Simple, quick and filled with Fall flavors, this vegan, gluten free Pumpkin Pie Crumble is a delicious dessert to make as the weather turns cooler!
Pumpkins are one of my favorite things about autumn weather, and pumpkin recipes are almost always one my mind this time of year. The combination of pumpkin and cinnamon has to be one of the best flavors created!
Yet, some people are not a fan of pumpkin. However, this vegan, gluten free Pumpkin Pie Crumble has won some individuals over to the pumpkin side because of its delicious cinnamon flavor and excellent crumble texture! So, if you are not a fan of the pumpkin flavor, especially pumpkin pie, give this recipe a try before you decide against it!
I love this vegan, gluten free Pumpkin Pie Crumble because it comes together in less than an hour, and it is absolutely delicious served warm or cold! If you can wait until the day after the Pumpkin Pie crumble has been baked and it has chilled in the refrigerator overnight, you will be in for quite the treat because the flavors will have combined to perfection, the crumble hardened, and the pumpkin pie filling thickened to a mousse like consistency. Trust me, it is worth the wait!
If you try this recipe, let me know! I would love to see your comments and ratings on this recipe. In addition, you can tag photos of your dishes for me to see on Instagram using #shalomhomestead.
Best wishes and shalom, friends!
- 1.5 cups rolled oats, gluten free if needed
- ½ cup hazelnut meal (can substitute with almond meal)
- 1 cup coconut sugar
- ¼ tsp salt
- 1 Tbsp ground cinnamon
- 2 Tbsp almond butter
- ¾ cup solid coconut oil
- ½ cup cinnamon applesauce
- ½ cup pumpkin puree (NOT pumpkin pie filling)
- 1 Tbsp cinnamon
- ½ tsp ground allspice
- ½ tsp ground ginger
- ¼ tsp ground cloves
- 1 Tbsp chia seeds
- Preheat the oven to 400˚F and prepare a square baking pan, I used an 8"x8" glass casserole dish, by rubbing it with coconut oil.
- In a large bowl, prepare the crumble. First, whisk together the rolled oats, coconut sugar, hazelnut meal, salt, and cinnamon.
- Next, cut in the almond meal and the coconut oil.
- Pour ⅔ of the crumble mixture into the prepared pan and using a spatula, firmly press the crumble down into the pas to form a crust.
- Bake the packed down crumble layer for 15 minutes.
- While the crumble crust is baking, prepare the filling in a medium size bowl. First, whisk together the applesauce, pumpkin puree, cinnamon, allspice, ginger, and cloves.
- Add the chia seeds to the pumpkin mixture last and let the mixture thicken while the crust finishes baking.
- When the crust has finished baking, remove the pan from the oven and spread the pumpkin filling over the crust.

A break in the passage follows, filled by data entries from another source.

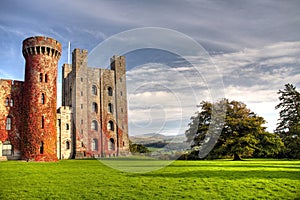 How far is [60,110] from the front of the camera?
43.1 m

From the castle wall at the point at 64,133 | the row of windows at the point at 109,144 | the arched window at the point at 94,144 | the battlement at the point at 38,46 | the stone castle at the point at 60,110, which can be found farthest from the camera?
the row of windows at the point at 109,144

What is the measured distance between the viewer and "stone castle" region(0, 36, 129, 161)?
32.5 meters

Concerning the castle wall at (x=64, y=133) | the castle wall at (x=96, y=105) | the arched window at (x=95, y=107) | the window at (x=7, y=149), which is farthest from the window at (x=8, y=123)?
the arched window at (x=95, y=107)

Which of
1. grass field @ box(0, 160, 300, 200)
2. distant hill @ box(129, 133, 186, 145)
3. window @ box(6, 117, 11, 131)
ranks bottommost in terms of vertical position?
grass field @ box(0, 160, 300, 200)

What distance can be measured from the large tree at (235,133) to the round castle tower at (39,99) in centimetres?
1646

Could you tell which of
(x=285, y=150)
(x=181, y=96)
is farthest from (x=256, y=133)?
(x=181, y=96)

- Then, evenly sprinkle the remaining ⅓ crumble mixture over the pumpkin filling and gently pack the crumble down so that it forms a topping that will stick together.
- Return the Pumpkin Pie Crumble to the oven and bake another 20-25 minutes or until the topping has browned and the crumble is bubbling.
- Remove the crumble from the oven and cool 30 minutes before serving warm. Alternatively, let the crumble cool to room temperature and then refrigerate until cool in order to serve cold. Both versions are super yummy!
- Store any leftovers in the refrigerator.